In the area of sports rehabilitation, our group applies functioning epidemiology to athletic populations, with particular interest in injury prevention and return-to-play strategies. Our research addresses:
• Epidemiology of injuries in both professional and youth athletes.
• Risk prediction models for injury occurrence and reinjury.
• Prognostic factors for recovery duration and functional performance.
• Translation of evidence from rehabilitation and public health to real-world sports settings.
• Functioning in children and youth, considering developmental and environmental contexts.
Our collaborations with elite sports organizations, including FC Barcelona, support a two-way exchange between clinical research and sports practice. We aim to bridge the gap between performance goals and health outcomes through data-driven, evidence-based approaches.
Across all pillars, our research emphasizes the use of real-world data, the development of clinical prediction models, and the implementation of decision support systems. These efforts are aligned with broader public health goals, including more inclusive and efficient health systems and the integration of functioning as a core metric in health policy.
By building an evidence base around functioning, we aim to support a shift toward person-centered care, responsive rehabilitation practices, and more meaningful health system performance indicators. Our work ultimately contributes to improving the lives of individuals living with health conditions and impairments by providing them with better tools, more precise care, and stronger systems of support.
In addition to our core research agenda, our group engages in several interdisciplinary projects that apply functioning epidemiology, real-world data analysis, and health systems thinking to broader health challenges. These projects reflect our interest in the complex interactions between biological, behavioral, and environmental factors, and their implications for clinical care and public health policy.

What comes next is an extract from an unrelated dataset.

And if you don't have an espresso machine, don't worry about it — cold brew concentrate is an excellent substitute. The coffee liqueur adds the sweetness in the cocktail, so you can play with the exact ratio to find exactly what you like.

Circadian Rhythms and Fertility
In collaboration with clinical and academic partners, we are investigating the role of circadian rhythms and social jetlag in fertility outcomes. This project explores how biological timing misalignments, driven by work schedules, light exposure, and behavioral routines, may influence reproductive health. Using data from fertility clinics and digital health platforms, we analyze chronotype patterns, treatment responses, and time-to-pregnancy metrics. The goal is to develop personalized guidance and intervention strategies for individuals undergoing assisted reproduction, including in vitro fertilization (IVF).
Vaccination and Preventive Health Policies
Our group contributes to the evaluation of vaccination programs and preventive health interventions, particularly through the use of observational data and quasi-experimental designs. We analyze uptake, effectiveness, and safety across different demographic groups and health systems, with special attention to vulnerable or under-vaccinated populations. This work supports policy decisions at the national and international levels, aiming to improve the design and equity of public health campaigns.
Pharmacoepidemiology and Drug Safety
Building on prior experience in biostatistics and real-world evidence generation, we continue to engage in pharmacoepidemiology projects. These include the use of longitudinal health data to assess drug utilization patterns, adherence, effectiveness, and adverse event risks. Our methodological focus includes propensity score methods, target trial emulation, and causal inference frameworks to reduce bias in non-randomized studies. These projects often intersect with our work on functioning and rehabilitation by exploring medication-related barriers or facilitators to recovery and participation.
These additional research streams enrich our core agenda by incorporating biological, behavioral, and policy-level perspectives. They exemplify our commitment to interdisciplinary collaboration and to producing high-quality, policy-relevant evidence that improves health across life stages and populations.